Updates in PsO Sequencing and Future Research

As the psoriasis (PsO) armamentarium has grown, the question of how to sequence therapies — both initially and following partial or inadequate response — has become increasingly consequential. A patient's response to an IL-23 directed therapy, whether injectable or oral, provides direct in vivo information about the contribution of the IL-23 pathway to their individual disease. Partial response — on the order of 50% to 60% skin improvement after an adequate trial of at least 3 months — indicates that IL-23 inhibition is producing meaningful benefit and supports escalation within the class to a more potent IL-23 monoclonal antibody. Absence of meaningful response after an adequate trial argues against remaining within the IL-23 class and supports a mechanism switch to an IL-17 inhibitor rather than substituting one IL-23 directed agent for another. This sequencing logic provides a more principled basis for sequential prescribing than trial-and-error substitution and is directly applicable whether the initial IL-23 directed therapy was injectable or oral. Clinicians should also account for the time course of IL-23 inhibition: these agents typically reach maximal effect beyond week 16, often requiring 24 to 36 weeks for full benefit, and patients and clinicians must align expectations accordingly to avoid premature switching based on an incomplete response assessment.

Several important clinical questions in PsO remain incompletely answered and are likely to shape the field's trajectory over the next several years. Whether early, aggressive treatment with biologic therapy — initiated before structural joint damage or significant comorbid disease burden has accumulated — improves long-term outcomes for both skin and musculoskeletal disease is an active area of investigation with direct implications for when clinicians should escalate from conventional to advanced therapy. The relationship between biologic treatment and cardiovascular risk represents a second major frontier: PsO is associated with elevated cardiovascular risk through shared inflammatory mechanisms, and the degree to which effective suppression of psoriatic inflammation modifies that risk over time remains incompletely characterized but is an area of growing evidence. Body weight intersects with both questions — lower body weight is associated with better biologic response rates and with improved cardiovascular outcomes in PsO patients — and understanding how weight modulates both efficacy and downstream health outcomes has meaningful implications for how clinicians counsel patients about lifestyle alongside pharmacologic management.

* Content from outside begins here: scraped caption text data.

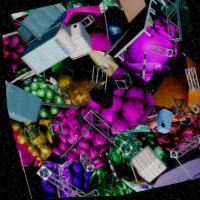 Dataset Image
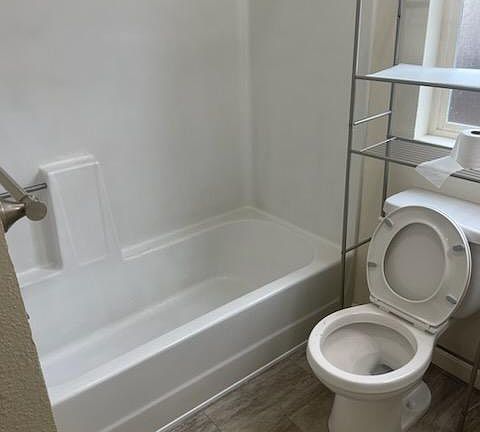 5th image of 14781 Palmer Ave Unit B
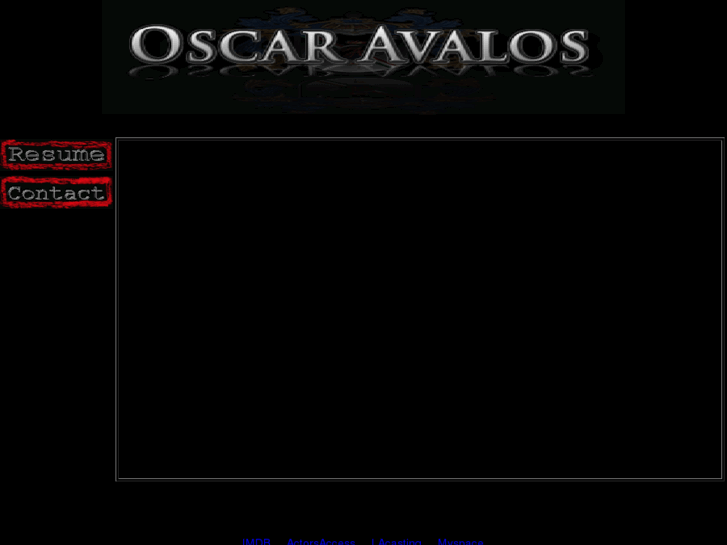 www.oscaravalos.com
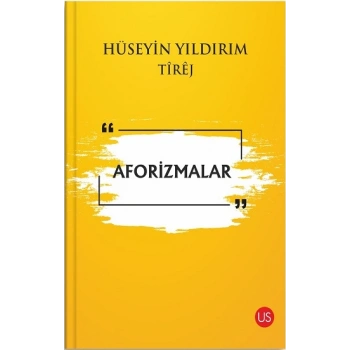 Aforizmalar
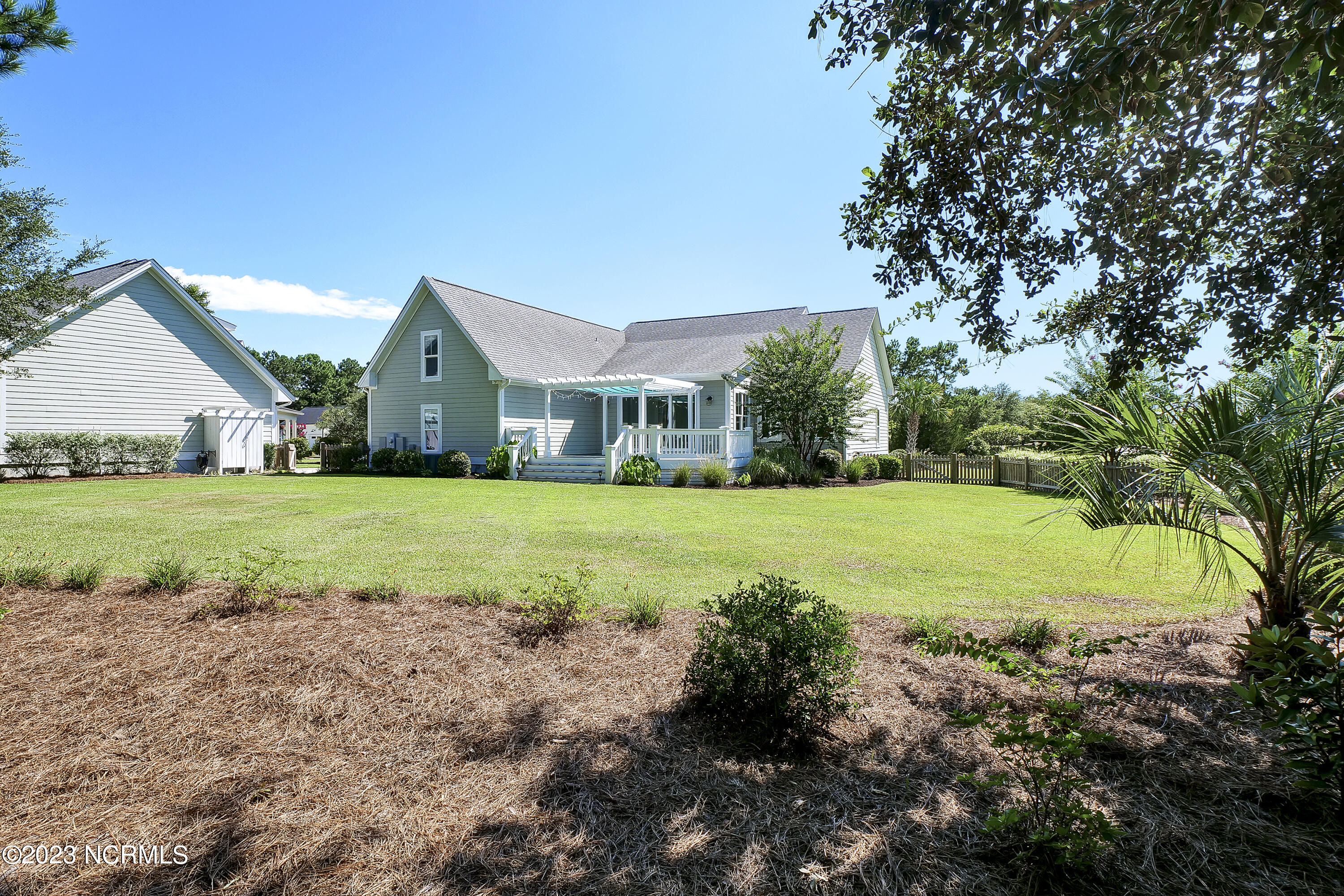 114 Sundance Circle Hampstead, NC 28443 - Photo 48 of 78 48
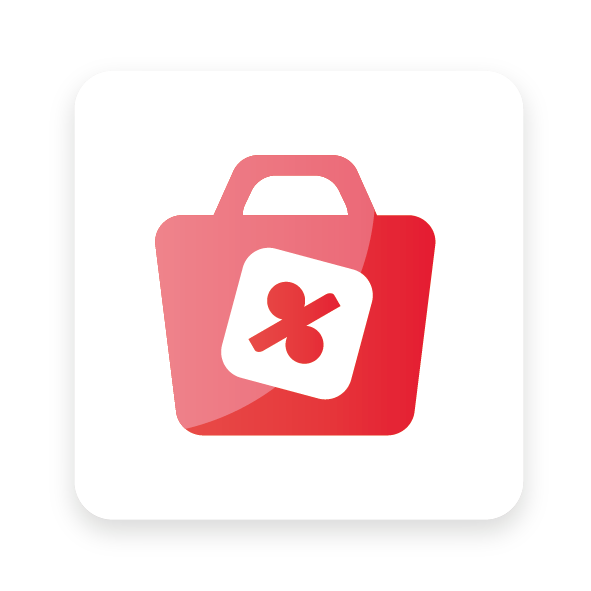 Odoo Loyalty & Promotion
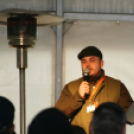 2. Nemesgörzsönyi Böllérfesztivál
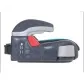 Graco BOOSTER BASIC - Столче за кола 135-150 см. i-size Продукт Graco BOOSTER BASIC - Столче за кола 135-150 см. i-size - 6 - BG Hlapeta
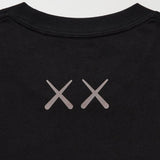 Uniqlo x KAWS UT Graphic T Shirt 03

In this HCPLive Special Report final segment, Bruce Strober, MD, PhD, Clinical Professor of Dermatology at Yale University School of Medicine, surveys the therapeutic developments most likely to alter practice patterns over the next 5 years. Biologics with substantially extended half-lives capable of supporting dosing intervals of every 6 to 12 months — rather than the current standard of every 8 to 12 weeks at maintenance — are in development and would fundamentally change the treatment experience for patients who are well-controlled but find even quarterly injections burdensome.

Next‑generation oral agents continue to progress through clinical development, contributing additional options to the psoriasis treatment landscape, though their ultimate role relative to injectable biologics remains to be defined. While some have shown promising efficacy signals and acceptable safety profiles in controlled trial settings, these agents have not yet demonstrated the consistency, durability, or depth of response that underpin long‑term confidence in established biologic therapies. As a result, competition with injectable biologics is likely to remain selective and patient‑specific rather than broadly transformative.

Strober suggests that the distinction between oral and injectable therapy may evolve over time, but injectable biologics continue to represent the standard for patients with more significant disease burden, particularly where sustained clearance and long‑term outcomes are key priorities. Effectively navigating this landscape requires clinicians to balance short‑term efficacy signals with mechanistic rationale, durability of evidence, comorbidity considerations, and patient expectations—recognizing that psoriasis management is fundamentally longitudinal and that early convenience advantages must be weighed against long‑term disease control in a lifelong condition.